§ EXERCISE:
Your answer should be only the lines below from the one with "Worn few times" to the one with "Casa à venda com 400m², 4 quartos e 3 vagas Casa", repeated exactly, ends included.

§ DATA EXCERPTS:

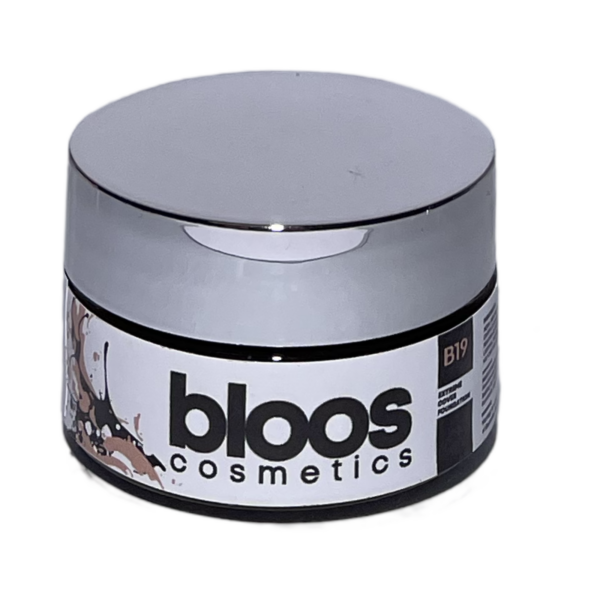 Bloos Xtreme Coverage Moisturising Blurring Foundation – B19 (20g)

==

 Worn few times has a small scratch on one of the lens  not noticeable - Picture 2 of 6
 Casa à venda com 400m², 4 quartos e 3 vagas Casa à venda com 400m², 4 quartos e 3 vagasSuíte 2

==

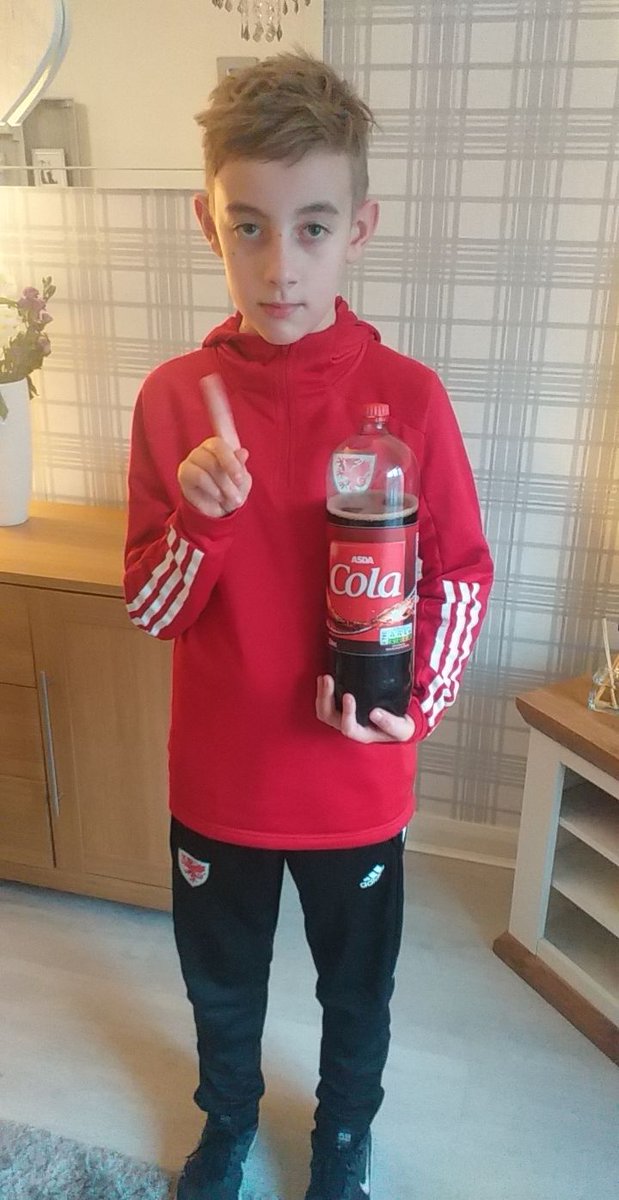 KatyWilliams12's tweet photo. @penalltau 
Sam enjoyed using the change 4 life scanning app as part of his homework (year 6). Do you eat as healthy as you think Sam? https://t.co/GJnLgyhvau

§ RESPONSE TO THIS TASK:
 Worn few times has a small scratch on one of the lens  not noticeable - Picture 2 of 6
 Casa à venda com 400m², 4 quartos e 3 vagas Casa à venda com 400m², 4 quartos e 3 vagasSuíte 2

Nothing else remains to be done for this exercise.